Case 3: To test the position tracking performance of the LPV scheme subject to dynamic payload and wind disturbance at the same time that required large tilting angle, variation in the payload was introduced at $t=7.5$ s, and wind disturbance was applied at $t=10$ s. A horizontal wind model in SIMULINK was used for wind generation. A constant north-east wind speed of 5.3 m/s was assumed. The water level variation over time is shown in Figure 20. Figure 21 presents the reference signals and the position of the quadrotor. The corresponding attitude angles are shown in Figure 22. Figure 23 and Figure 24 depict the control signals and motor commands. As can be seen, the quadrotor tracks the reference signal more effectively in the presence of time-varying payload and wind disturbance as compared to the LTI controller, which introduces significant oscillations and also results in actuator saturation as the demand for tilt angles gets higher.

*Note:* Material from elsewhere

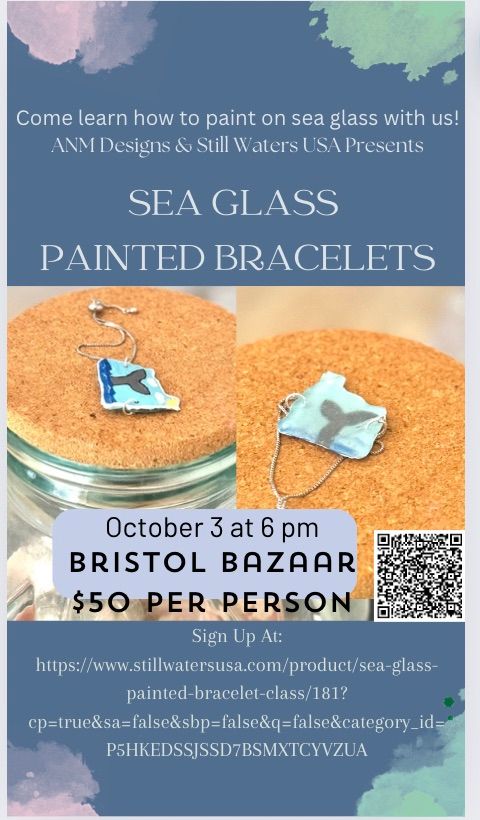 Sea Glass Painted Bracelets at Bristol Bazaar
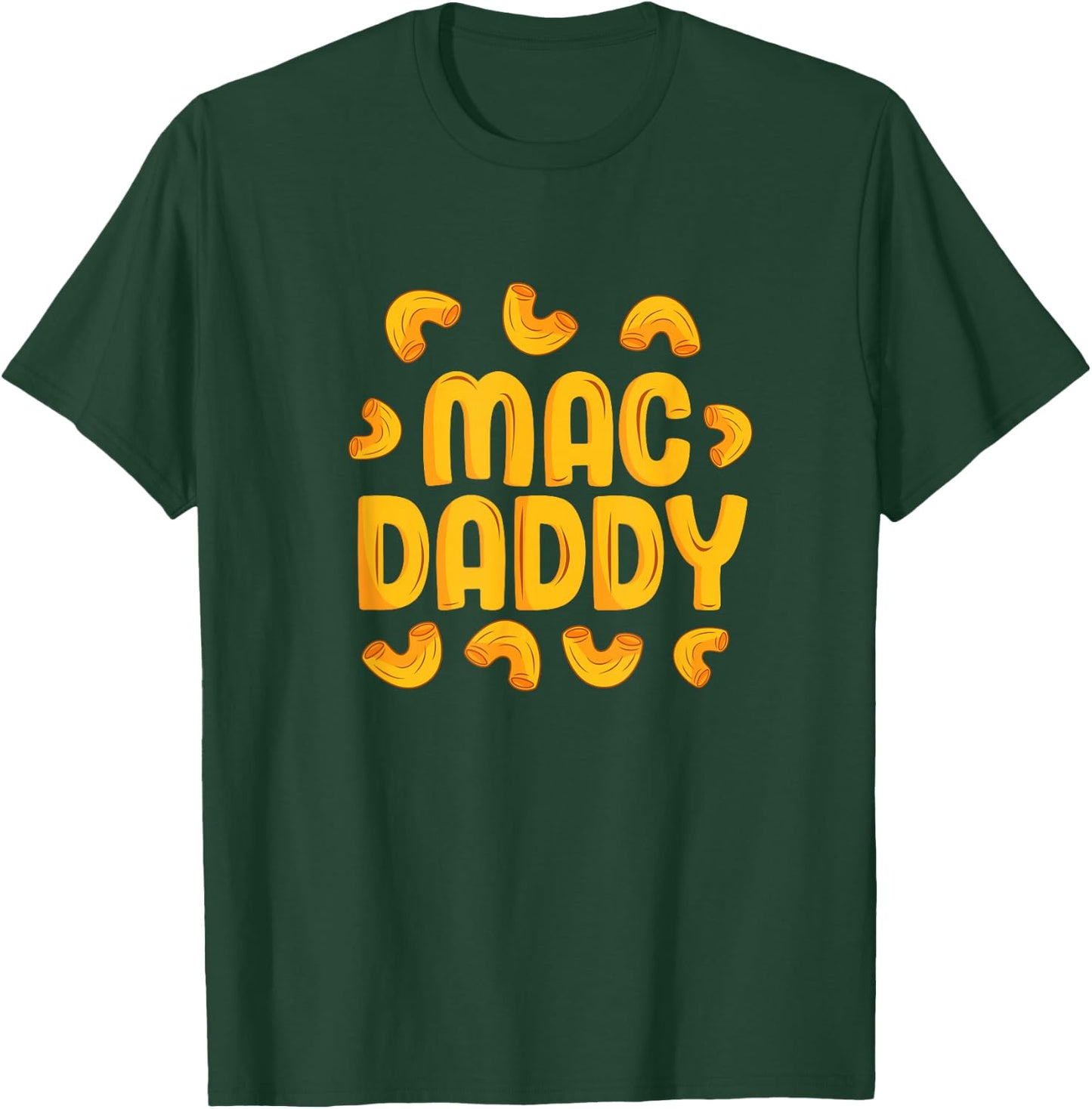 Mac Daddy Mac N Cheese Lover Father Funny Cheese Noodles Dad T-Shirt - T-Shirt | Forest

Case 3: Gaussian noise $N(\mu ,{\sigma }^2)$ was introduced into the quadrotor outputs in this case [37]. Noise $N(0,(1$ cm)${}^2)$ was added to the x, y, and z positions, and Noise $N(0,{\left(0.51°\right)}^2)$ was introduced to the yaw, pitch, and roll angles. The water level variation over time is shown in Figure 14. Figure 25 shows the reference signals, the position of the quadrotor, and the error plots. The attitude signals are depicted in Figure 26. Figure 27 and Figure 28 illustrate the control signals and motor commands. The simulation results indicate that, in contrast to the LTI control scheme, the LPV design has improved tracking performance subject to dynamic mass, changing MOI, and gaussian noise.

5. Conclusions

This paper proposes an LMIs-based LPV algorithm for full motion control of a 6 DOF quadrotor model. First, an LPV model was developed for the nonlinear quadrotor model with variable payload, and then LMIs of quadratic ${\mathcal{H}}_{\infty }$ performance and D-stability were used to design the LPV control strategy. The proposed scheme was successfully evaluated in a nonlinear simulation environment. Several scenarios were simulated and studied. The outcomes of the LPV algorithm were compared with the ${\mathcal{H}}_{\infty }$ control design with pole placement constraints. The results indicate that the recommended LPV approach can achieve better position tracking in the presence of variable mass, variable inertia, mass flow rate, wind disturbance, and noise in contrast to the LTI controller. In the future, we intend to broaden our research to the hardware implementation of the suggested control scheme in order to assess its stability, robustness, and effectiveness.